[Al Islam
616] Marhaban ya
Ramadhan. Bulan yang penuh berkah, yang di dalamnya terdapat satu malam yang
lebih baik dari seribu bulan. Bulan yang telah Allah SWT jadikan didalamnya
puasa sebagai fardhu dan shalat malamnya sebagai tathawwu’. Bulan yang siapa
saja mendekatkan diri kepada Allah SWT dengan melakukan kebajikan, samalah ia
mengerjakan fardhu di bulan yang lain; dan barang siapa melakukan fardhu,
samalah ia dengan mengerjakan tujuh puluh fardhu di bulan lain. Bulan yang
Allah tebarkan di dalamnya beragam kebaikan. Sungguh merugi seorang muslim yang
menyia-nyiakan beragam amalan selama Ramadhan tiba.
Puasa
Sebagai Perisai
Imam
ath-Thabari dalam tafsirnya mengatakan bahwa puasa adalah; mencegah atau
menahan dari apa yang Allah perintahkan untuk menahan darinya -al-kaf ‘amma
amarallahu bil kaffi ‘anhu-(Tafsir ath-Thabari, iii/409). Dalam
berpuasa, seorang muslim diperintahkan oleh Allah SWT. untuk menahan diri dari
perkara-perkara yang membatalkan puasa semisal makan, minum, bersetubuh, juga
dari perkara yang merusak pahala puasa seperti marah, berkata kasar dan kotor,
berbuat keji, dsb.
Dengan
melaksanakan puasa seorang muslim hakikatnya telah membentengi dirinya dari
berbagai perbuatan keji dan mungkar. Nabi saw. bersabda:
« الصَّوْمُ
جُنَّةٌ مَا لَمْ يَخْرِقْهَا »
Puasa itu
adalah perisai selama ia (manusia) tidak melubanginya (HR. Ahmad).
Jika orang
menjalankan puasa dengan sebak-baiknya dengan segala amalan di dalamnya, maka
puasa itu akan benar-benar menjadi perisai baginya di akhirat kelak. Yaitu
Allah jadikan pahalanya sebagai perisai dari api neraka. Nabi saw bersabda:
« الصِّيَامُ
جُنَّةٌ مِنَ النَّارِ، كَجُنَّةِ أَحَدِكُمْ مِنَ الْقِتَالِ »
Puasa itu
adalah perisai dari api neraka, seperti perisai seseorang dari kalian dari
serangan musuh. (HR.
An-Nasai, Ibnu Majah)
Ibadah Tapi
Sekuler
Karenanya
sudah saatnya kaum muslimin merenung, apakah Ramadhan demi Ramadhan yang
dilewati telah dijalankan dengan shaum sebagaimana mestinya? Apakah kaum
muslimin benar-benar telah menahan diri dari berbagai perkara yang dapat
mengantarkan datangnya azab Allah? Ataukah sebaliknya?
Sungguh bila
kita dengan jujur melakukan introspeksi maka ibadah puasa yang selama ini
dijalankan masih banyak baru sebatas menahan diri dari lapar dan haus. Tapi
belum melaksanakan secara penuh apa yang diperintahkan dan menjauhi apa yang
dilarang oleh Allah SWT. Sementara itulah hakikat takwa yang menjadi hikmah
yang harus serius kita wujudkan melalui puasa kita.
Menjelang
dan selama Ramadhan tempat-tempat hiburan malam dan tempat-tempat yang menebar
kemaksiatan dilarang beroperasi, tetapi boleh buka kembali pasca Ramadhan.
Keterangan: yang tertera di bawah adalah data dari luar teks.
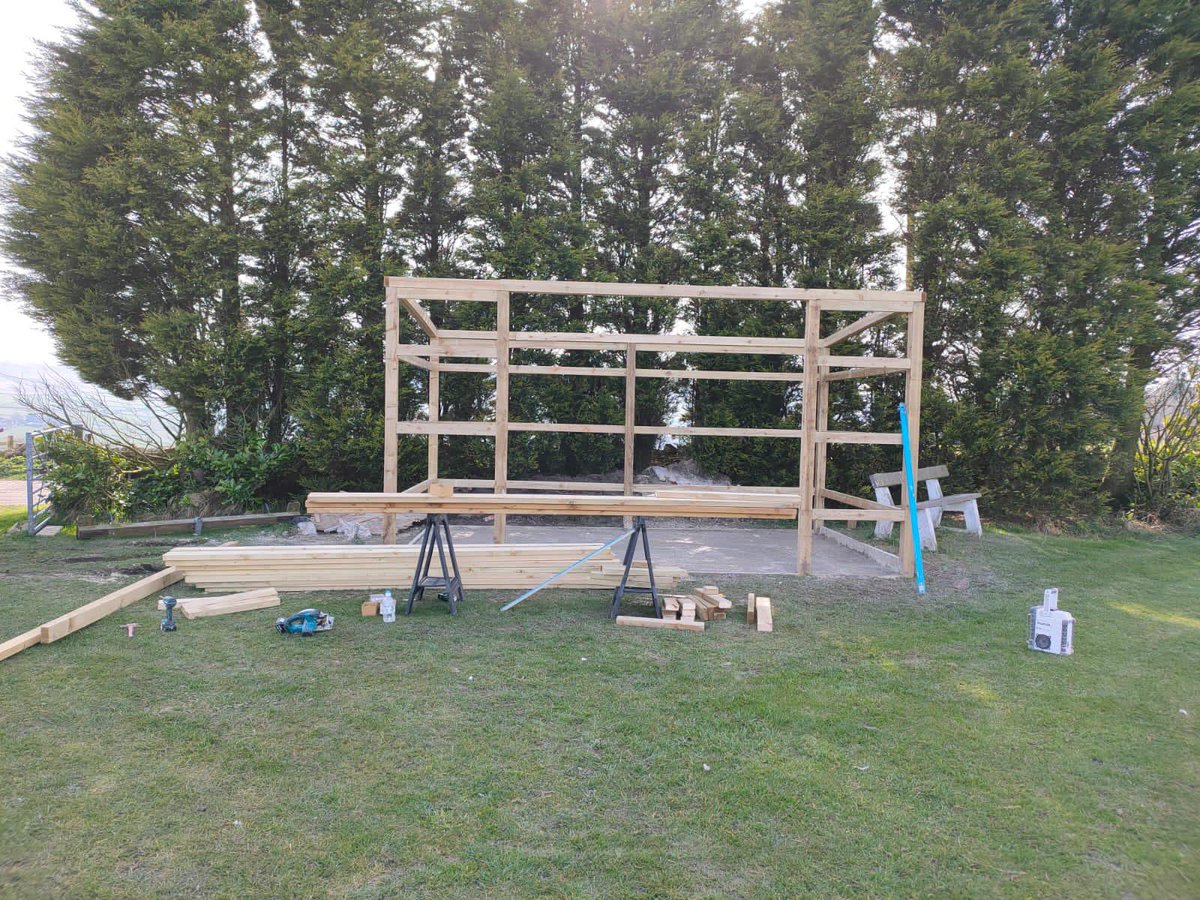 Tuesday2oclock's tweet photo. The outdoor shelter at our home ground of Stones CC is coming along nicely. We can’t wait to put this to use when we can meet again😘 https://t.co/pOIDgF8DUL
Seolah-olah haramnya kemaksiatan hanya berlaku selama Ramadhan.
Acara-acara
televisi selama Ramadhan serentak menayangkan berbagai acara-acara keislaman
dengan beragam variasi. Itupun selalu berbau komersil dan sering diwarnai
adegan-adegan yang jauh dari nilai Islam. Sehingga justru meminggirkan
pesan-pesan keislaman dalam acara tersebut.
Ramadhan tahun
lalu, pihak Kementerian Agama dan Komisi Penyiaran Indonesia (KPI) berulangkali
menegur sejumlah televisi swasta yang melanggar etika penyiaran. Banyolan yang
tidak pantas hingga artis bergaya waria kerap mewarnai beragam acara selama
Ramadhan. Bahkan ada saja juru dakwah yang ikut berpartisipasi dalam
acara-acara seperti itu. Bila demikian, maka apa artinya Ramadhan?
Pantas bila
datangnya Ramadhan seperti tidak mengubah kondisi apapun di negeri ini. Korupsi
makin menggila. Bahkan menurut KPK para koruptor rata-rata adalah para pejabat
yang rajin beribadah. Bahkan mereka juga ada yang sudah mengantongi gelar
agama. “Solat tetapi korup dan tetap nekat korup,” kata Busryo Muqoddas
(detiknews. com, 18/6).
Tiap
Ramadhan selalu semarak dengan beragam kegiatan. Bahkan di luar Ramadhan pun
majlis wirid dan zikir bersama selalu dipadati banyak orang. Akan tetapi angka
korupsi tetap tinggi. “Ini merupakan spiritual laundering, lebih parah
dari pada money laundering,” tutur Busyro lagi. Para pelaku koruptor
merasa bahwa dengan wirid, zikir, naik haji, puasa Ramadhan, dan membayar zakat
maka sudah bisa membersihkan segala dosa mereka.
Selain kasus
korupsi, pergaulan bebas di kalangan remaja di tanah air pun sudah parah.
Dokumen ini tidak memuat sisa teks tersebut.